Modulation doping promoted ultrahigh electron mobility and enhanced thermoelectric performance in PbTe

Modulation doping was proven to be a quite effective strategy to realize high electrical conductivity at a relative low charge carrier concentration in bulk thermoelectric materials. In this work, we used lightly doped PbTe-0.1 %Cu with minimal ionized impurity scattering as matrix material and PbS-0.8 %Cu with adequate electron concentration as electron reservoir to construct a modulation doping scenario. Such modulation doped PbTe/PbS heterostructures were characterized with high-angle angular dark field scanning transmission electron microscopy (HAADF-STEM).
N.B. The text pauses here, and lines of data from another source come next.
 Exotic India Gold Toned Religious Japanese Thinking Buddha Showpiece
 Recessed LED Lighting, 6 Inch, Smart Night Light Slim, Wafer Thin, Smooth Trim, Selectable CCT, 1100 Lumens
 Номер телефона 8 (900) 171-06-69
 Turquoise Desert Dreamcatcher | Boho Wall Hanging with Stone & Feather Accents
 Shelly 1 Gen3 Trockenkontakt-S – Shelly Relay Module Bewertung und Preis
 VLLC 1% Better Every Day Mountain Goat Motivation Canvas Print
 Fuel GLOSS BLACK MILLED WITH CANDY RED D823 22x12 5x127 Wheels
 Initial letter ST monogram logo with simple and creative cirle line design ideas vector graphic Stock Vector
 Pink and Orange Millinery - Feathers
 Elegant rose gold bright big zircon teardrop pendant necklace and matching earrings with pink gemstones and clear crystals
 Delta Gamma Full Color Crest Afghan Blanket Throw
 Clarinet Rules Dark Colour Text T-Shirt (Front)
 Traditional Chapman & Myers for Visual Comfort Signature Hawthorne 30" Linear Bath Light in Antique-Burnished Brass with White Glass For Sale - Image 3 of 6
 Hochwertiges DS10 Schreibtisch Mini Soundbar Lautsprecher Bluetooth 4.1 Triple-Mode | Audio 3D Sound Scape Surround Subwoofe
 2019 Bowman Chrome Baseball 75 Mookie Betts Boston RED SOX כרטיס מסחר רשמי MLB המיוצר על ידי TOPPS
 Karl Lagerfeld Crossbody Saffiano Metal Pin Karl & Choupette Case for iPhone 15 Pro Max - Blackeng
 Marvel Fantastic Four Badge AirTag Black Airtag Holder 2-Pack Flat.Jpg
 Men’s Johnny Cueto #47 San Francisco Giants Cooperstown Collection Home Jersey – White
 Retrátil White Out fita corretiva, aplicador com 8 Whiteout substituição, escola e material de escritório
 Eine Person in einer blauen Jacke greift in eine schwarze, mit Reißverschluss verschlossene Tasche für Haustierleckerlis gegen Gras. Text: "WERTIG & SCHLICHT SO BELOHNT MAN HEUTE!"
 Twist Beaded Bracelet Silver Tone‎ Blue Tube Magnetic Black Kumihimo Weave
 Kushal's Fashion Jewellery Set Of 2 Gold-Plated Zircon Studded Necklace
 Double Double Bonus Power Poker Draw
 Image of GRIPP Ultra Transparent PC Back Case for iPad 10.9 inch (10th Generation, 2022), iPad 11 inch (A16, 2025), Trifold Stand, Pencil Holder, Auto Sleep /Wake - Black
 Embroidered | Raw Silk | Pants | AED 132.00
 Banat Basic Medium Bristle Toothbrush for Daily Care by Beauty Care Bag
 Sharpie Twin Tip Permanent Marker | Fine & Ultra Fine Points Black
We achieved significantly improved carrier mobility in modulation doped (PbTe)1-x(PbS)x than homogeneously doped PbTe materials reported in literatures; meanwhile, we also obtained obviously reduced lattice thermal conductivity owing to the strong phonon scattering by the dislocation arrays at PbTe/PbS phase boundaries. An ultrahigh room temperature (323 K) figure of merit ZTRT ∼0.63 as well as remarkable average ZTavg ∼1.17 at 323–773 K were simultaneously realized in the sample (0.1 %Cu-PbTe)0.9(0.8 %Cu-PbS)0.1, both of which are among the highest ones for all reported PbTe-based thermoelectric materials so far.